Brief descriptive captions
======
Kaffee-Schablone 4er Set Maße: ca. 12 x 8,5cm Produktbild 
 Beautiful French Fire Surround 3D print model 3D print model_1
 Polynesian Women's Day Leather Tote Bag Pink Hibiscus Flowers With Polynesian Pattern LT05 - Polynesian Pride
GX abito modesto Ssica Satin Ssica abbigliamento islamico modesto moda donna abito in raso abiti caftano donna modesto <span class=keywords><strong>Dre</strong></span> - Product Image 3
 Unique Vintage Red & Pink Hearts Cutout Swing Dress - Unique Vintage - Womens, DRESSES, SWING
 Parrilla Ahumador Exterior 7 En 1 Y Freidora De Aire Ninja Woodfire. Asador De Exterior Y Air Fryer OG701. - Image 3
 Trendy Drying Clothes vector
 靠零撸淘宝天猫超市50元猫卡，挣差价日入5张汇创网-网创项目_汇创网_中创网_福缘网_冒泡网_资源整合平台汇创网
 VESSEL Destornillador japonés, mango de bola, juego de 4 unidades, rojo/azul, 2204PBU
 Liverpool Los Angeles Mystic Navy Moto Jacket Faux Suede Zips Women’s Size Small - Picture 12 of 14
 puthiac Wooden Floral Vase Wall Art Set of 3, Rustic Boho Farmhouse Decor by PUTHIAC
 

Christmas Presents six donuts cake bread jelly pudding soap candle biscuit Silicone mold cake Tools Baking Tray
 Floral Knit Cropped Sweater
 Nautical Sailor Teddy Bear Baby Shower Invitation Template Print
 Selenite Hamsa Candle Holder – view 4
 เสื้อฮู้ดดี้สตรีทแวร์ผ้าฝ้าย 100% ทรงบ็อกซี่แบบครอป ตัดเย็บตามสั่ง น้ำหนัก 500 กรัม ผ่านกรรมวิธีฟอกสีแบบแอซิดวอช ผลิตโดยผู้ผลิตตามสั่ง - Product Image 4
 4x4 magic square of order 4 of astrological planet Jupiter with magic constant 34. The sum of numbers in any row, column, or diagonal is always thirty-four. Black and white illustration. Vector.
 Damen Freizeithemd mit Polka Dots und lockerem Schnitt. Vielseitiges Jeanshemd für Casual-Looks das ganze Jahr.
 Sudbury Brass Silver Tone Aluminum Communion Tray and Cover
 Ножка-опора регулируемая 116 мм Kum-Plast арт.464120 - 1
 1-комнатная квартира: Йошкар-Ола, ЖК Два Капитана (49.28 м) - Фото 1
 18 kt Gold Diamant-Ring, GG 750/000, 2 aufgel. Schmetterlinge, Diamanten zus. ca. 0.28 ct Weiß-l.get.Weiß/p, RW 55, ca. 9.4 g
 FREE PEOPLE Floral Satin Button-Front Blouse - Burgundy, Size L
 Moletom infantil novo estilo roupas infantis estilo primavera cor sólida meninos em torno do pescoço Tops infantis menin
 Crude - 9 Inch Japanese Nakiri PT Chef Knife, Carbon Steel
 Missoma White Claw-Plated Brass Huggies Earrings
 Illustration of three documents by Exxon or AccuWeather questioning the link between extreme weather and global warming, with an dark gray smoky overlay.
======
## Your objective
Go through the data above and copy each line that holds the word "Image".

## Finished exercise
GX abito modesto Ssica Satin Ssica abbigliamento islamico modesto moda donna abito in raso abiti caftano donna modesto <span class=keywords><strong>Dre</strong></span> - Product Image 3
 Parrilla Ahumador Exterior 7 En 1 Y Freidora De Aire Ninja Woodfire. Asador De Exterior Y Air Fryer OG701. - Image 3
 เสื้อฮู้ดดี้สตรีทแวร์ผ้าฝ้าย 100% ทรงบ็อกซี่แบบครอป ตัดเย็บตามสั่ง น้ำหนัก 500 กรัม ผ่านกรรมวิธีฟอกสีแบบแอซิดวอช ผลิตโดยผู้ผลิตตามสั่ง - Product Image 4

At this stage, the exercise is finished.